### TASK GOAL
Please copy, exactly as they appear below, the lines from the one containing "MBSD Meerschaum Deluxe" through the one containing "Соединитель тройной ARL-CLEAR-Mini-2x90".

### EXERCISE MATERIALS
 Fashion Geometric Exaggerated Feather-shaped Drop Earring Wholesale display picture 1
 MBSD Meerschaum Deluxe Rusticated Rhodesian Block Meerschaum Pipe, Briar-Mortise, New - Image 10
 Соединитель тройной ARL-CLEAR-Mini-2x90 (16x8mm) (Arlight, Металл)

* * *

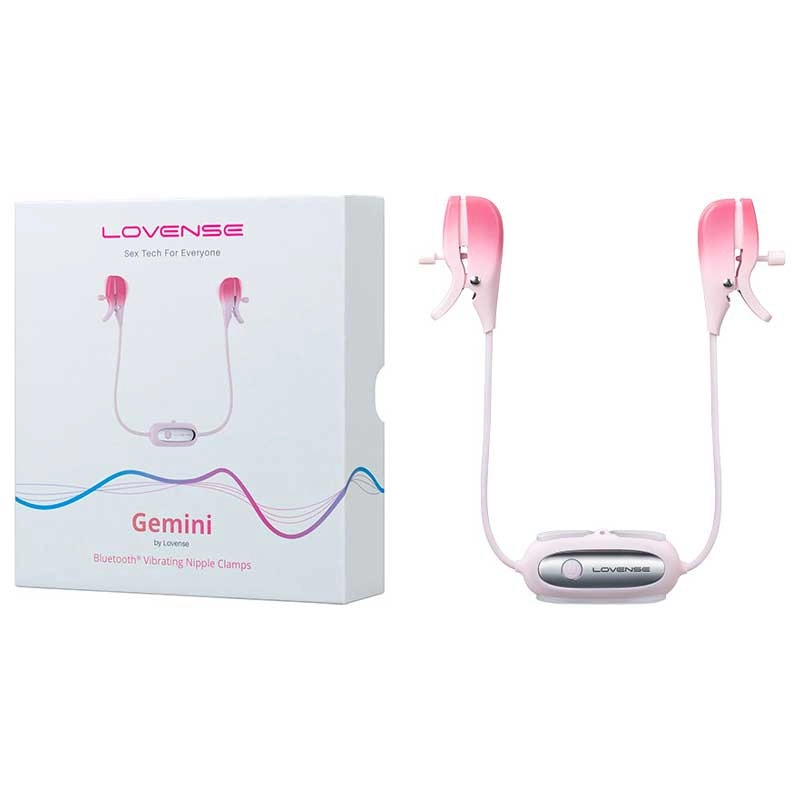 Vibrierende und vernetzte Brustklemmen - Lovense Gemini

### RESPONSE TO THIS TASK
 MBSD Meerschaum Deluxe Rusticated Rhodesian Block Meerschaum Pipe, Briar-Mortise, New - Image 10
 Соединитель тройной ARL-CLEAR-Mini-2x90 (16x8mm) (Arlight, Металл)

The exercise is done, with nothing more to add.